Edward Henry Corbould (1869), Cold
I know why the holidays can be the hardest time of year for some people: I have been in that place. I now embrace the winter months like a warm, cozy throw. It is admittedly less wintry here in Kentucky but still just as dark, cold and bleak as any mild winter we have experienced in New Hampshire. Winter is now something I am happy to put on and to wear, like a shroud, as I tuck in for a few months of reflection and repurposing. It's a necessary system reboot for the soul.

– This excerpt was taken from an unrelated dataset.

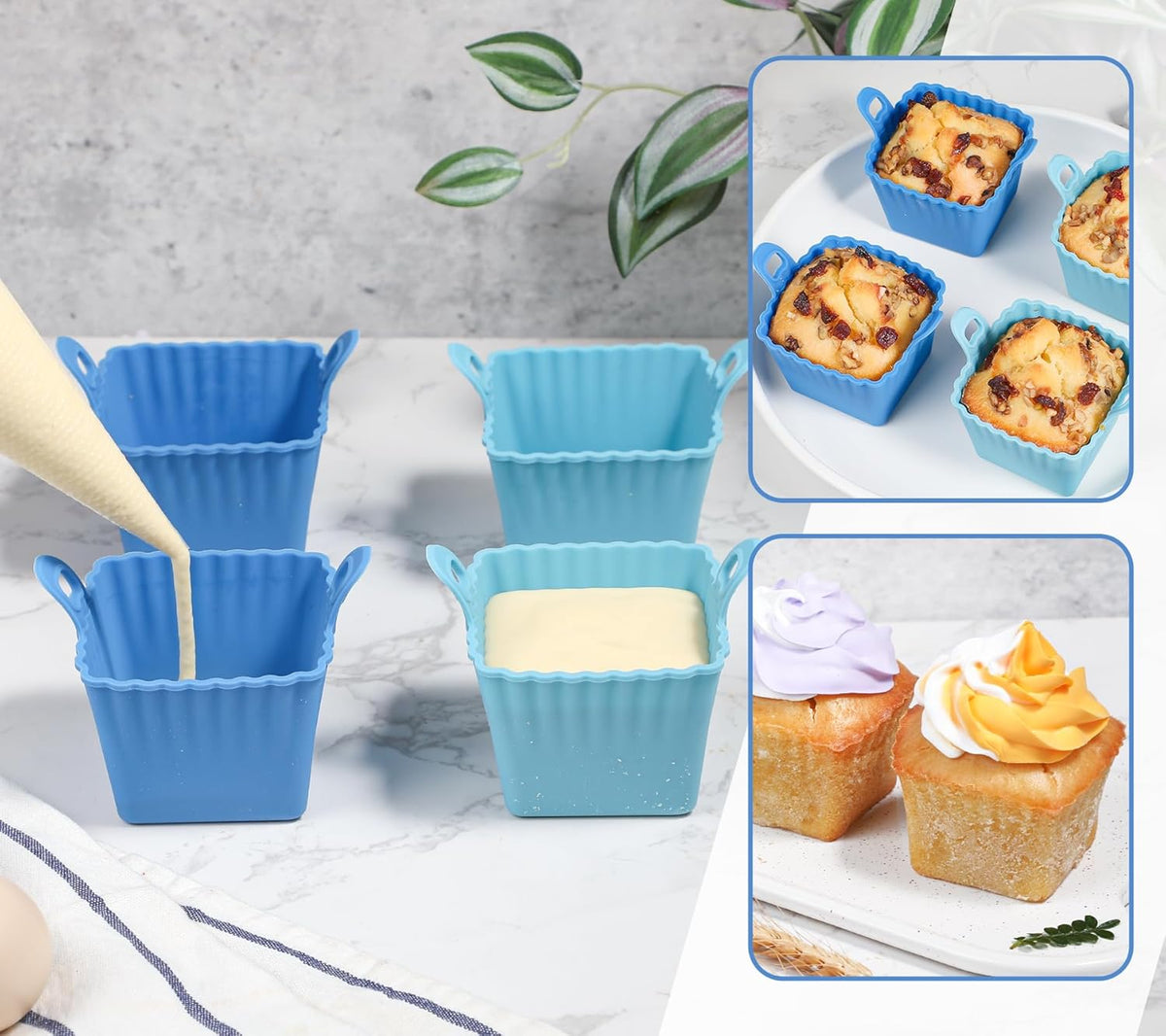 Koluti Reusable Silicone Baking Cups Set of 4, Nonstick Muffin Cupcakes Mold with Double Handle, BPA Free, Small Square Air Fryer Cupcake Liners, 2 Color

What Sting said so poetically about the winter season of darkness in his notes for his beautiful album, If On a Winter's Night, captures what I feel about winter now:
Peter Ilsted (1861-1933), Woman Reading by Candlelight
Walking amid the snows of Winter, or sitting entranced in a darkened room gazing at the firelight, usually evokes in me a mood of reflection, a mood that can be at times philosophical, at others wildly irrational; I find myself haunted by memories. For Winter is the season of ghosts; and ghosts, if they can be said to reside anywhere, reside here in this season of frosts and in these long hours of darkness. We must treat with them calmly and civilly, before the snows melt, and the cycle of the seasons begins once more. 
A Footnote:
Seeing the credits roll past at the end of On the Road to Punkin Chunkin, we realized it was Chucky's tractor trailer driving out of town, east on Main Street in Hancock where we used to live in New Hampshire. But seeing it, in such a blur, we were able to stop the frames with the slow motion feature of TeVo, and there was our old house, in the top photo (at left, with the brick end). A strange encounter, indeed. The whirring of the sped up film also reminded me of how I process memory: that it flies through me in a blur and then it is gone again, like the wind. But where does it go?

1 comment:

Anonymous said...

LOVED this blog! I would say something CATTY but shall refrain.